[[ Data to process open ]]

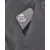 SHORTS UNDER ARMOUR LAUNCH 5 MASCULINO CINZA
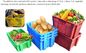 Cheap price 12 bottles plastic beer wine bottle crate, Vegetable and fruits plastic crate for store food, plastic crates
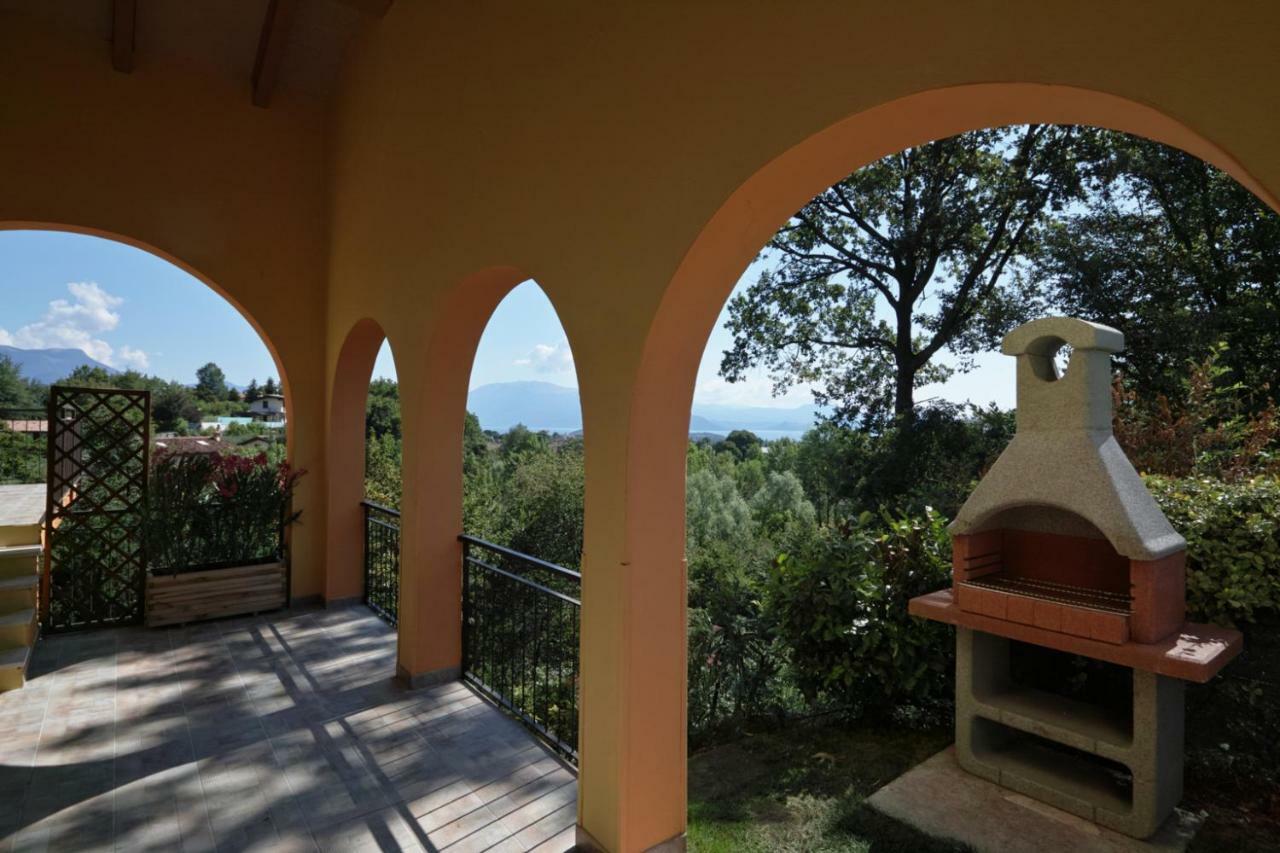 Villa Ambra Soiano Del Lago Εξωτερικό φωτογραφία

[[ Data to process closed ]]
[[ Data to process open ]]

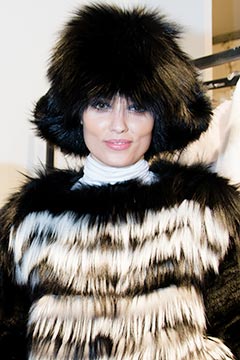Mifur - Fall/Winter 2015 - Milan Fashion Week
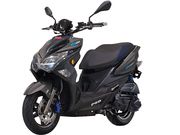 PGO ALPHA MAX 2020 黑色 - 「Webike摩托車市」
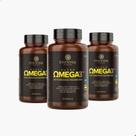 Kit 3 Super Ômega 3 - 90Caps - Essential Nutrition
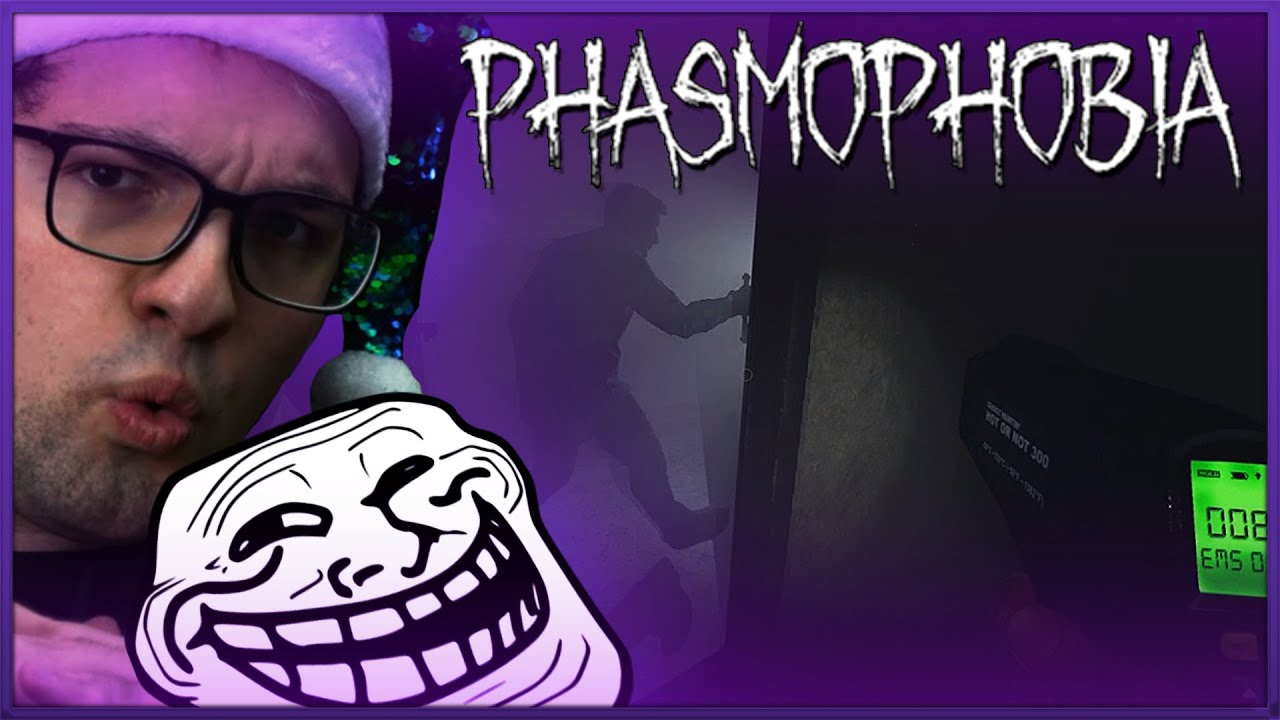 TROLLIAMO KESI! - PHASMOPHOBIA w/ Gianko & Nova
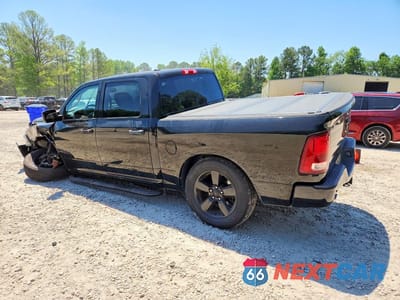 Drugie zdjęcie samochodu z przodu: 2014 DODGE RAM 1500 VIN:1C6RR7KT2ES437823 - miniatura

[[ Data to process closed ]]

**Brief:** Using the data above, give again exactly the lines starting at the one holding "SHORTS UNDER ARMOUR LAUNCH 5 MASCULINO CINZA" and ending at the one holding "Villa Ambra Soiano", inclusive, and nothing more. Omit the pictures.

**Answer to this problem:**
 SHORTS UNDER ARMOUR LAUNCH 5 MASCULINO CINZA
 Cheap price 12 bottles plastic beer wine bottle crate, Vegetable and fruits plastic crate for store food, plastic crates
 Villa Ambra Soiano Del Lago Εξωτερικό φωτογραφία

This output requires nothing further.